K3b backup status dialog

The other thing I like about using writable DVD is that the data are immediately accessible without doing a restore operation. That's come in handy more than once, most recently when I upgraded my main desktop system to Xandros 3. The upgrade left the contents of my original home directory in thompson_old. I copied what I thought I needed over to the new home directory and deleted the backup. Unfortunately, I'd forgotten that I had an ISO image I wanted to keep in the downloads directory of thompson_old. When I noticed that it was missing, I simply popped in a backup from several days prior, listed the contents, and copied/pasted the 600 MB ISO file to my hard drive. That took all of 30 seconds, not counting the time for the file to finish copying. If I'd had to recover that file from tape, it would have taken significantly longer.

We had a busy weekend. I didn't even get around to checking my email, so if you sent mail and haven't received a reply, that's why. On Friday night, despite an iffy forecast, we decided to head up to one of the club observing sites. Although the clouds cleared as darkness approached, the transparency was much too poor for observing galaxies, which was what we'd planned to do. About half an hour after full dark, the clouds started to move back in, so we headed home. Saturday and Sunday we spent cleaning up, sorting stuff out for the annual Bulky Item Pickup. We also did cleaning, laundry, and the other usual weekend stuff.
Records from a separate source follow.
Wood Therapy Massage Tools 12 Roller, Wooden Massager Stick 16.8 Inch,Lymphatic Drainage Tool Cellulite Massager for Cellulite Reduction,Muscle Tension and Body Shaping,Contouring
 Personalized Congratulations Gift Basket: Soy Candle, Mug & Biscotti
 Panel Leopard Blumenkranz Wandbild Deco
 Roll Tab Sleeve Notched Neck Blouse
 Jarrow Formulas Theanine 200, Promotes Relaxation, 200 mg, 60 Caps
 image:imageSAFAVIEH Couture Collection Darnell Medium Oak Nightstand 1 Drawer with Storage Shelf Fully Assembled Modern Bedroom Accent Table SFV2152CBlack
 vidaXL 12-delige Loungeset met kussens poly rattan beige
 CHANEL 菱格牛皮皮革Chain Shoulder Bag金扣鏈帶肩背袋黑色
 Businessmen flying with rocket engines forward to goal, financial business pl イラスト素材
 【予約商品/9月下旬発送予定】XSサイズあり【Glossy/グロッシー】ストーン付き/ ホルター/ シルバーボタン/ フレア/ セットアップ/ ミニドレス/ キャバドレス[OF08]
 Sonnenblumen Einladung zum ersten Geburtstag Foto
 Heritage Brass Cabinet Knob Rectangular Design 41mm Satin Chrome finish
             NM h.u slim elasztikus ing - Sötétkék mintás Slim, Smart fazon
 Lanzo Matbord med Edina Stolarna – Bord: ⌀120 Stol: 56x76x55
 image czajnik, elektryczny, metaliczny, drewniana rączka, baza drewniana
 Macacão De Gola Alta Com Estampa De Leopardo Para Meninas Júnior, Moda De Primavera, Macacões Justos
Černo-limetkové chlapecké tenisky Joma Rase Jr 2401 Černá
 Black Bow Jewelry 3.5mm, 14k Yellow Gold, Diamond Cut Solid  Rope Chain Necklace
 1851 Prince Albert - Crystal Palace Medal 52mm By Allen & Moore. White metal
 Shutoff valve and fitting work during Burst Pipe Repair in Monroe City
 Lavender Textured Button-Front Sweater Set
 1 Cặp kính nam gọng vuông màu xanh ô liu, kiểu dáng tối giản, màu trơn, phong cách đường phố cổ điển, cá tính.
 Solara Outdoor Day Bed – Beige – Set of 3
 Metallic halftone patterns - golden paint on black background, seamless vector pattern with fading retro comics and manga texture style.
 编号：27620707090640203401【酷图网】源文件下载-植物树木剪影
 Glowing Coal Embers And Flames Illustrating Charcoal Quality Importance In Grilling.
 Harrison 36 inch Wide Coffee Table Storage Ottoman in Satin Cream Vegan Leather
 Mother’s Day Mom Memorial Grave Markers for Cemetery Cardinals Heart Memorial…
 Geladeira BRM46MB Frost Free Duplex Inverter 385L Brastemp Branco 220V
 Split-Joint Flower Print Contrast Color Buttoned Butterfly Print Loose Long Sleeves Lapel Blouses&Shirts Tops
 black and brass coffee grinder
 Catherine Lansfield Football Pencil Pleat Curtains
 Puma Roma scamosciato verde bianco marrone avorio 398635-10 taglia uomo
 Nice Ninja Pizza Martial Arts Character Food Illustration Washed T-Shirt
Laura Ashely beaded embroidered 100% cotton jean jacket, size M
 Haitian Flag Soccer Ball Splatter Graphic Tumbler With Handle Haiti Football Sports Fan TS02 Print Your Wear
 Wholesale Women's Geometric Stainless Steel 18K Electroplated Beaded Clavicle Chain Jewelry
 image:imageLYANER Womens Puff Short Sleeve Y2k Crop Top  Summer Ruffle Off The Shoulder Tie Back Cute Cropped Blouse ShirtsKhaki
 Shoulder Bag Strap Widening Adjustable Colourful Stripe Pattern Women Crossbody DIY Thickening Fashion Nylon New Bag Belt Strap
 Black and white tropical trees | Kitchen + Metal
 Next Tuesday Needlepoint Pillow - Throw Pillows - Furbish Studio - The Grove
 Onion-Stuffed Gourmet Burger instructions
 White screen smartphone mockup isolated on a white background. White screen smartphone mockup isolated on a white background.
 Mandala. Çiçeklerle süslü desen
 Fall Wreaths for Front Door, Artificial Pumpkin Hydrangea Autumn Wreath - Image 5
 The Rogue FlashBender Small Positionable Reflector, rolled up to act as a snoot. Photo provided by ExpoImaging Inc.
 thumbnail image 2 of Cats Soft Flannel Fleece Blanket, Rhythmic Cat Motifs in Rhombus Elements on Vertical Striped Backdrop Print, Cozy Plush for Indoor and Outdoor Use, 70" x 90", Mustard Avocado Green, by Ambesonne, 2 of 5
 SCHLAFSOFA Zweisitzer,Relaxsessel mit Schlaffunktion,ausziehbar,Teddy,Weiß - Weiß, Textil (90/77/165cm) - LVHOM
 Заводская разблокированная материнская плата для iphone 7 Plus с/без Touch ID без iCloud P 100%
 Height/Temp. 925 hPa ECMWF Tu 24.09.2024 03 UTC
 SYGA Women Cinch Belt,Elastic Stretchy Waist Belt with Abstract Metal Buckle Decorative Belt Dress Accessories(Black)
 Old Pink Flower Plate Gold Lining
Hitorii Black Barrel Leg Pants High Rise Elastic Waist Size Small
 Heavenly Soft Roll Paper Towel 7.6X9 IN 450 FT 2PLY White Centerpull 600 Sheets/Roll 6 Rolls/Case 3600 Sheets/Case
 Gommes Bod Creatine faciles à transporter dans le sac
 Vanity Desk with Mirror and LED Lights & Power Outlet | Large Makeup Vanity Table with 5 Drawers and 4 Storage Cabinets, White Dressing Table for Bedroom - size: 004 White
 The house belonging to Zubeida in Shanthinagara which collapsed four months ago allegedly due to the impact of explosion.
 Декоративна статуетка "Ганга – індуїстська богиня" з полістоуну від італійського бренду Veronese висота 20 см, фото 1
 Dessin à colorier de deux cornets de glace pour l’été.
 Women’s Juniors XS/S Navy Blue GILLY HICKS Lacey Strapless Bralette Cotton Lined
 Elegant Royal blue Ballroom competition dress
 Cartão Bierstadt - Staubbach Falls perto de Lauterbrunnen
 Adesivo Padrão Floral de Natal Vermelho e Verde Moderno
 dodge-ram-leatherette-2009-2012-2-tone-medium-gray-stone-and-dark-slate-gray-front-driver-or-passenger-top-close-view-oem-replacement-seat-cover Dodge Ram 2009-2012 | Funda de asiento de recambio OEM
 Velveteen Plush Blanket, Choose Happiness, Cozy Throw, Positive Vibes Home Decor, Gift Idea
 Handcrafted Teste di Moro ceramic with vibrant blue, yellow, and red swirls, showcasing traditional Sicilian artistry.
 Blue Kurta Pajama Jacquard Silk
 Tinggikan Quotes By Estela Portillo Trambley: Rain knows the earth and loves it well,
Yesterday afternoon, we headed over to Barbara's sister's house for a Mothers' Day dinner. I took along a spare 80-wire ATA cable to replace the one in Frances's system. As it turned out, the old one looked pretty beat up, so I suspect it's been the problem all along. I've been beating on the two drives that "failed" in that system, and the diagnostics keep telling me they're fine. We also relocated the computer from one side of the desk, against the wall, where the system had no ventilation, to the other side of the desk, where it can breathe freely.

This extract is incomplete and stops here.